Stress stinks! I'm a month away from finishing my first semester of college and it is getting harder and harder to not stress out. I'm naturally a worrier and a control freak. I like everything to be in its own box and don't like it when I can't get my head around things; i.e. my history paper on William, Duke of Normandy's conquest of England. These past two days, it has been so bad that I am clenching my jaw in my sleep to the point that chewing is torture! It was pretty pathetic when I was trying to eat cereal this morning.

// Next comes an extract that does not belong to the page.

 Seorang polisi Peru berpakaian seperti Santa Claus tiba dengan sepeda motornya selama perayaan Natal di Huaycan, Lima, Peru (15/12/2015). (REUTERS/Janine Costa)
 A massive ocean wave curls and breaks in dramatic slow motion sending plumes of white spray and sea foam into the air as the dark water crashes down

For the simple reason of self-preservation, I have been really trying to relax, keeping calm, taking breaks, and noticing when I'm clenching. But there is another, bigger reason that I need to keep reminding myself not to stress. When I stress, I am not trusting my Savior to take care of everything. I don't know how many times I've told myself that He can take care of it better than I can, but still, I want to do it all myself like an obstinate toddler.

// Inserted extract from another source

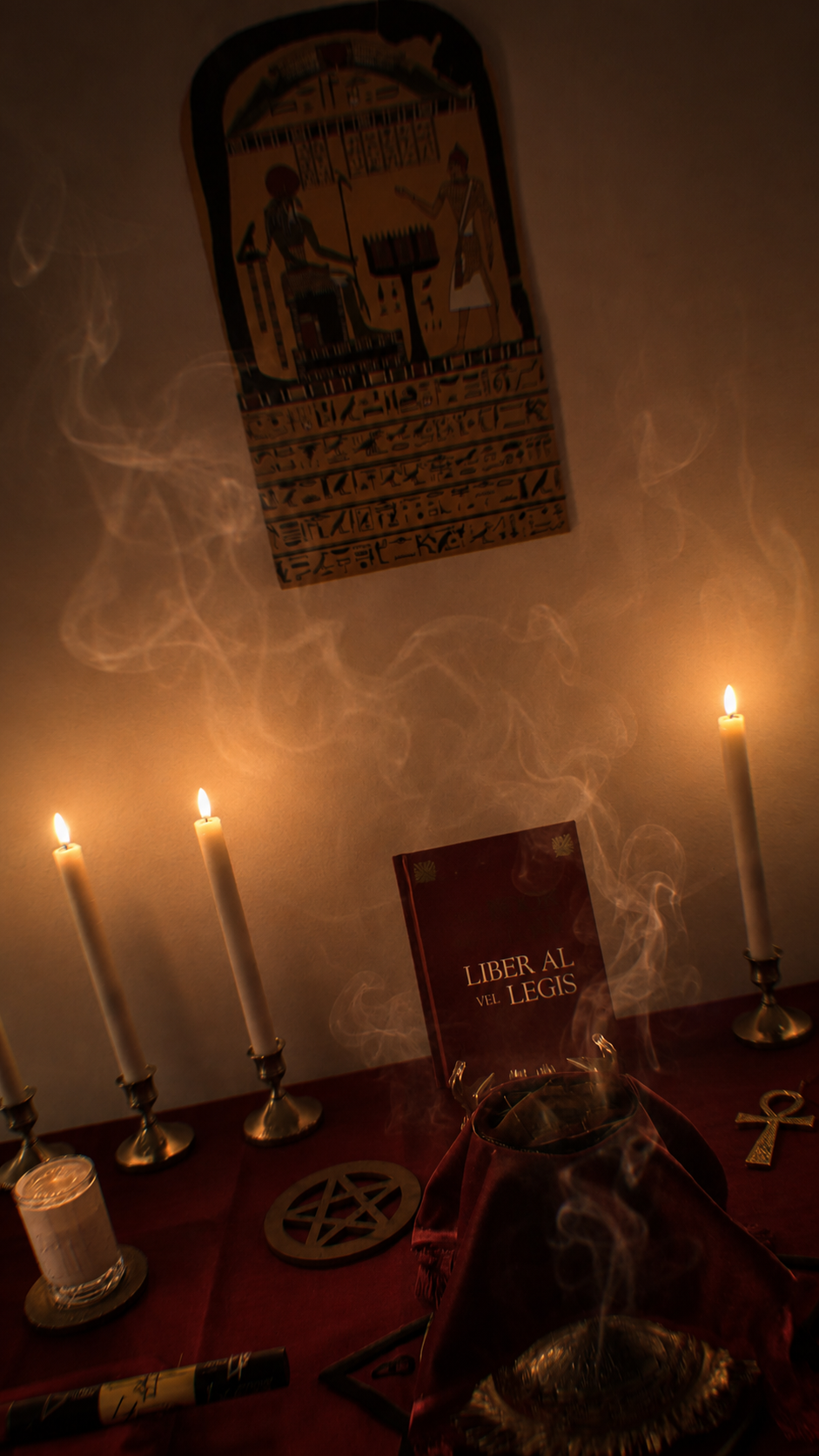 A table with lit candles, incense smoke, a pentagram, a candle in a glass holder, a red cloth, a black marker, and a book titled 'Liber Al Vel Legis'. On the wall is an Egyptian-style painting of two figures and hieroglyphs.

I think Christ was thinking of people like me when He said: "And which of you by being anxious can add a single hour to his span of life...Therefore do not be anxious, saying, 'What shall we eat?' or 'What shall we drink?' or 'What shall we wear?' For the Gentiles seek after all these things, and your heavenly Father knows that you need them all. But seek first the kingdom of God and His righteousness, and all these things will be added to you." Matthew 6:27,31-33
God is fully aware that I'm stressed about getting all my classes in for the winter semester and frustrated cause my paper is refusing to flow together, and He is big enough to get me through it. I won't die, in spite of what I think. The Gospel is still certain, I am still saved, and Christ still loves me! No paper or exam will ever shake that.
Whether it is school or work or an overload of housework, don't stress. It will only wear you down. Breathe and trust! We'll all survive together!